Surrogation creeps in over time. Once a quarter, write one paragraph in plain English explaining what each top-line metric is supposed to be a proxy for, not just what it numerically measures. The discipline is close to what Eric Ries calls innovation accounting: regularly translating numbers back to the learning hypothesis they were originally hired to test. If the paragraph is hard to write, the metric has drifted from the goal it was originally hired to track, and the team has probably drifted with it.
The Bigger Picture
A founder will spend most of their attention on the dashboard. That is correct. The dashboard is the closest thing a company has to a contract with reality, and reality moves faster than memory.
What gets missed is the second-order question, the one Artin made explicit in a single meeting: what is the number a stand-in for, and could the number be lying to me about that thing?

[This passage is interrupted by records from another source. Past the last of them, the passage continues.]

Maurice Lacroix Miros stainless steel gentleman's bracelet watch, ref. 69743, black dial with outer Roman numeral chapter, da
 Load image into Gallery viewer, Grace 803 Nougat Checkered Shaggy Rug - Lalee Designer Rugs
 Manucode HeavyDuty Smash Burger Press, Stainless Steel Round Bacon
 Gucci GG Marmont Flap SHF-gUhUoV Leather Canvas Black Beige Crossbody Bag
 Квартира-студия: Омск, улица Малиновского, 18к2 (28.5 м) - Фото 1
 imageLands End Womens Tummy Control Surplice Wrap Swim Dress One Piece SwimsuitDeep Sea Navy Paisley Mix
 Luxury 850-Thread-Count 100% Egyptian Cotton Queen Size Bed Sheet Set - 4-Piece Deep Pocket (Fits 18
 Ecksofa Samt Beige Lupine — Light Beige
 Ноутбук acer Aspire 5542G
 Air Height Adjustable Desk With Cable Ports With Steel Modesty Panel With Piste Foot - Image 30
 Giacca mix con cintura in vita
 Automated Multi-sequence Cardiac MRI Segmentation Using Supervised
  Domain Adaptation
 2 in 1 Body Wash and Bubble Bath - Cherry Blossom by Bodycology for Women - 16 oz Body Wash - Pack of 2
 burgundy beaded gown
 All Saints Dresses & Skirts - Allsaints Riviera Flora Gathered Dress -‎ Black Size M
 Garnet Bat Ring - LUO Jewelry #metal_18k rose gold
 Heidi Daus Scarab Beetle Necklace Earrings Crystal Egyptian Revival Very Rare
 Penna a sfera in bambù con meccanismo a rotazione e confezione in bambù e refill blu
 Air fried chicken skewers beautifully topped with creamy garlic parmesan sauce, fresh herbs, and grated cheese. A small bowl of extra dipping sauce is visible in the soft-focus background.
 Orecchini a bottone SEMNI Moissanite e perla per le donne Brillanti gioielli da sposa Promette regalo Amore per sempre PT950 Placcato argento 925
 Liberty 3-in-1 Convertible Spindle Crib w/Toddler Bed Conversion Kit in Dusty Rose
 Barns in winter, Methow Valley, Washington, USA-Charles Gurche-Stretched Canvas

The principle of pursuing truth in a metric, not just hitting it, is rarer than it sounds. It costs more to install, and it demands giving up the numbers that look good for the ones that say something. Most leadership teams pick the comfortable proxy and move on.
“We actually have a principle, pursuit of truth.”
The sharpest founders I work with do the opposite. They build the dashboard, then ask in writing what they would fall for if the dashboard were trying to fool them, and shrink the list to the line that cannot. That single line, defended, is what scaling actually looks like from the inside.
Founder Circle
I work with a small group of founders who want three things:
Clarity on what actually moves the needle past busyness.
A space to think through the hard decisions (co-founder dynamics, team restructuring, fundraising trade-offs) without having to perform with confidence they don’t yet feel.
A peer group that gets it: other founders who are doing the inner work alongside the operational work.
Our next circle meets soon. Grab your spot today.
P.S. What is the one number in your business that you genuinely could not fake your way into next quarter, no matter the budget? Reply and tell me. I read every response.
About the author
I’m Dar Patel, an ICF-certified executive coach (PCC) and founder of Little Pursuits. I partner with founders and executives through the leadership inflection points: the identity shifts, the hard conversations, the decisions you keep carrying alone. This newsletter is where that work meets the page.
If you want to go deeper, check out the references used in our research:
¹ Choi, J., Hecht, G. W., & Tayler, W. B. (2012). Lost in Translation: The Effects of Incentive Compensation on Strategy Surrogation. The Accounting Review, 87(4), 1135–1163. Two experiments demonstrated that compensating managers on a single performance measure tied to a strategic objective causes them to substitute the measure for the objective itself, a phenomenon the authors named surrogation. The effect was muted by using multiple measures.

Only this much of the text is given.